When I worked for Fluor Daniel I was impressed with how much time and energy were spent on the creating a corporate culture. Posters, buttons, speeches, employee trainings were all tuned-in to the most recent idea adopted by upper management. I especially remember when I started to hear the phrase "value added."
It was meant to title all those things each of FD's employees did on top of their specific assignment to positively boost the client's experience and enhance the product. Not just pipes drafted but pipes drafted using the latest software so that plans could be adapted electronically and jobsite work could advance without delay! Value added!
I suppose my part in adding value to the corporate culture was to squeeze more guests into the employee fitness center without them knowing it was a problem. That's what the "vice-president of towel operations" was supposed to do.
In the end my best efforts toward that corporate goal were to listen and accompany every fitness center user as they relieved the stress of their own efforts to add value on a deadline, to find ways to forward their fitness away from work, to encourage them when their waistlines shrank too slowly.

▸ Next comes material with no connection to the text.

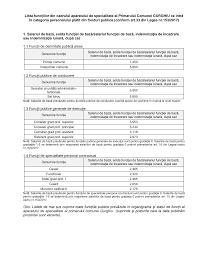 De regula, se utilizeaza 2 sau 3 grade si, respectiv, 2 sau 3 trepte profesionale. Https Www Comunagurghiu Ro Download Z6pjlpzvzsmzetghqvomaxiqfg9woajbwipkbrge Pdf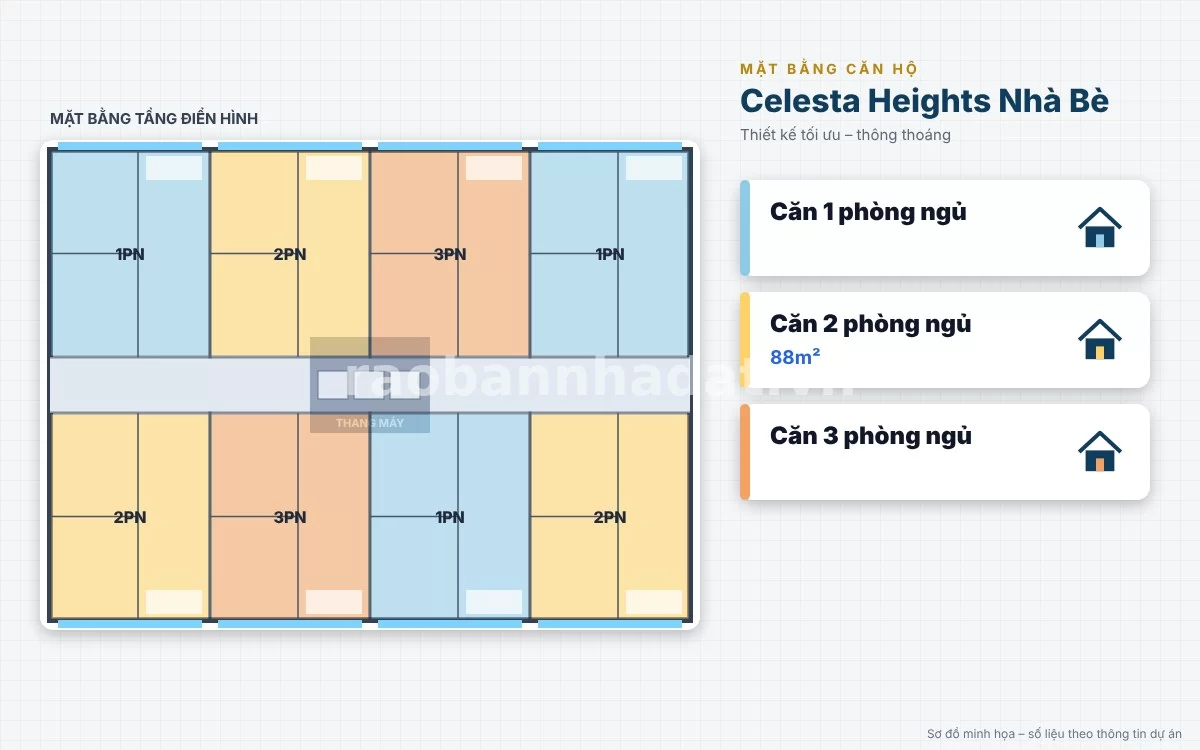 Mặt bằng thiết kế căn hộ 2 phòng ngủ sang trọng và tối ưu công năng tại Celesta Heights Nhà Bè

I'm remembering those days as a way to explore more deeply into the truth that I've read between Paul Tillich and Diana Butler Bass these last few weeks.
There are transactional structures that inform the use of "value added" language. But some of that transaction thinking fails to grasp the effect of our groundedness in God. We are mudlings, made from the very ground and spittle and breath of God. We are created by God in love and only away from God by our own forgetfulness and failing.
Forgiveness and repentance aren't contracts to which God adds value. They are our acceptance that the deal of our creation was already good enough and needed no enhancement, no buttons or posters or ahead of schedule deliveries. No need for "value added."